Image via Wikipedia
Good news, sort of: there is no sign of cancer in the Hub (though they didn’t look at his soul; I don’t think they have a camera for that). They biopsied a polyp but they tell us that’s routine. However, if no news is good news, it’s still no news; there’s no explanation yet for the Hub’s anaemia. He will be called back for a discussion at some point and he just has to keep taking the iron tablets.

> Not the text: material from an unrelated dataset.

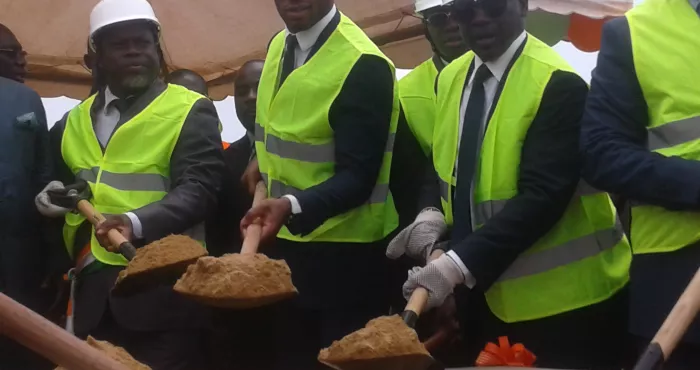 can-2023-le-ministre-danho-et-drogba-posent-la-premiere-pierre-du-stade-olympique-de-san-pedro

It was a long day yesterday. The Hub was to be given a sedative and had to be accompanied home afterwards; I don’t drive so we had to get a taxi to the hospital: two buses and a fair bit of walking are two buses and a fair bit of walking too much for the Hub at the moment. He’s not breathing well – a combination of the anaemia and a chest infection; his pallor gives the word ‘grey’ a bad name; he is in more pain than usual because he had to come off the anti-inflammatories; and he has the ongoing CFS/ME, of course. He is one sorry little puppy. He’s so unwell, we haven’t had an argument in days; never thought there’d be a day when I missed his pig-headed shouty view of the world; but I do.
Still, enough about him. I had a horrible day too, but nobody wipes my brow. While I waited for him, I had to read two books and the paper, drink tea, eat crisps and chocolate and sit on a chair deemed too cruel for use by the Spanish Inquisition. That was a long three-and-a-half-hours. Well, it would have been, if I hadn’t had two books, the paper and lots of snacks to keep me going. Why don’t hospitals add a library or a tv room or something for family & friends? Even a comfortable chair would help. But no, it’s all spend the money on the patients; look after the patients; make the patients comfortable while they wait two hours for their procedure.

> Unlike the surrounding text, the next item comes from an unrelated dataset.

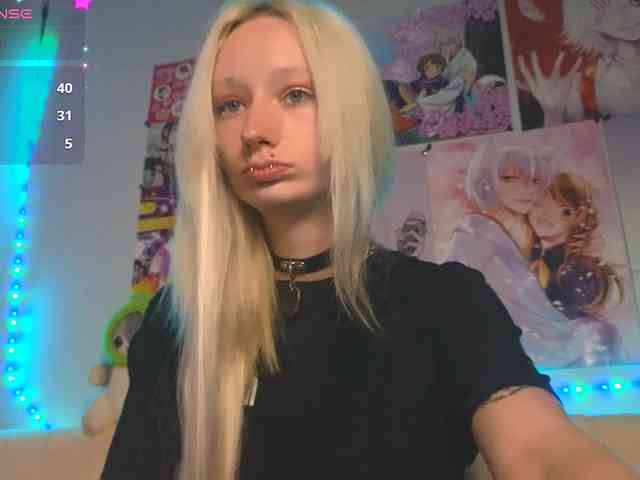 KatiaNabiee webcam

We arrived twenty minutes early, so that bit was our fault. They took him in early and made him wait over two hours, so that was their fault. They prodded and questioned before the Big Probe and gave him paper boxers to wear under a girly gown. You check in your dignity along with your valuables when you go into hospital; luckily for the Hub, he’s used to that, appearing in my blog every day. He said they pumped him full of air and he lay in a ward at some point, having a fart-off with the other testees. He swears he did one four minutes-long. At last I have competition!
Pardon my vulgarity; I was not brought up that way, as Rizzo would say that Sandra Dee would say. Of Irish Catholic descent, I come from what my mother called the capital of Ireland, Liverpool; and we are a refined lot. We always say ‘please’ when we ask for your wallet and jewellery; and we never steal your tyres without resting your car on even piles of bricks.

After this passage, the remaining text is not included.